The Arthritis Newsletter

Summer 2013

Managing Your Prescription Drug Costs

By Guest Contributor Martina Franchi Health & Benefits Consultant and Principal, Mercer


Consumer Advisory Board members have been asked about pharmacy costs and biologic agents. Martina Franchi, a Health and Benefits Consultant and Principal at Mercer has provided some information regarding this issue.


Did you know that prescription drug costs can vary significantly from one pharmacy to another?


Some of you may be aware that different pharmacies charge a wide spectrum of dispensing fees. The fees can range from just under $5 each time you fill a prescription, to more than $12 per prescription for professional services.  This can make a significant difference to your out-of-pocket costs (i.e., the amount that you end up paying), especially if you don’t have a prescription drug plan or if you do have a plan and it requires that you pay all or a portion of the dispensing fee.

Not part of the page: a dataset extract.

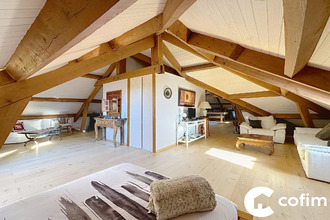  maison boulin 65350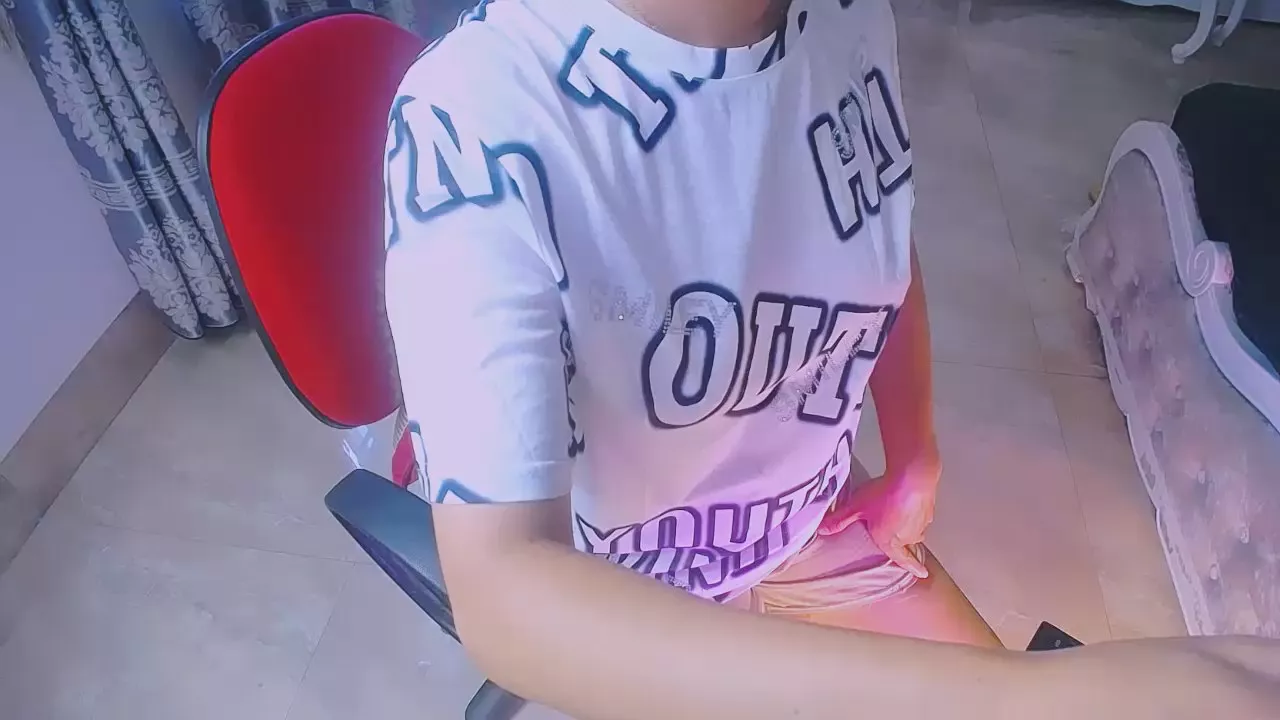 Offline squirtsukas on Cam4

In addition to the range of dispensing fees, there can also be differences in the ingredient price and pharmacy mark-up. When combined, these variances can have a significant impact on the cost of your drug purchase.


The following is an example of the difference in costs between two pharmacies for the same prescription drug.


Highest Cost Pharmacy Lowest Cost Pharmacy
Drug Ingredient Cost $159.12 $153.00
Pharmacy Mark-up $23.87 $12.24
Dispensing Fee $11.99 $4.11
Total Prescription Cost $194.98 $169.35
Difference $25.63


The difference in the price for the same prescription is $25.63! 


This example is further magnified when we look at a more expensive drug, such as a biologic (biologic drugs are sometimes used to treat certain types of arthritis).


Highest Cost Pharmacy Lowest Cost Pharmacy
Drug Ingredient Cost $4,232.00 $3,978.22
Pharmacy Mark-up $634.80 $318.26
Dispensing Fee $11.99 $4.11
Total Prescription Cost $4,878.79 $4,300.59
Difference $578.20


In this example, the difference in the price for the same prescription is $578.20!


That’s an additional cost of almost $7,000 per year if this drug is required every month!


How to Save Money on Your Prescription Drugs…


The answer is simple… shop around!! Just like any other consumer good you should compare pricing among competing retailers. Price out your prescription drug with a few pharmacists in your local area. Pharmacists generally do not disclose their ingredient costs and mark-up, but they will advise you of the total cost which you can then compare with the total cost quoted by other pharmacies.


Be sure to check different pharmacy chains and don’t forget about big box stores.  Some pharmacies like Costco’s will fill prescriptions without a membership card.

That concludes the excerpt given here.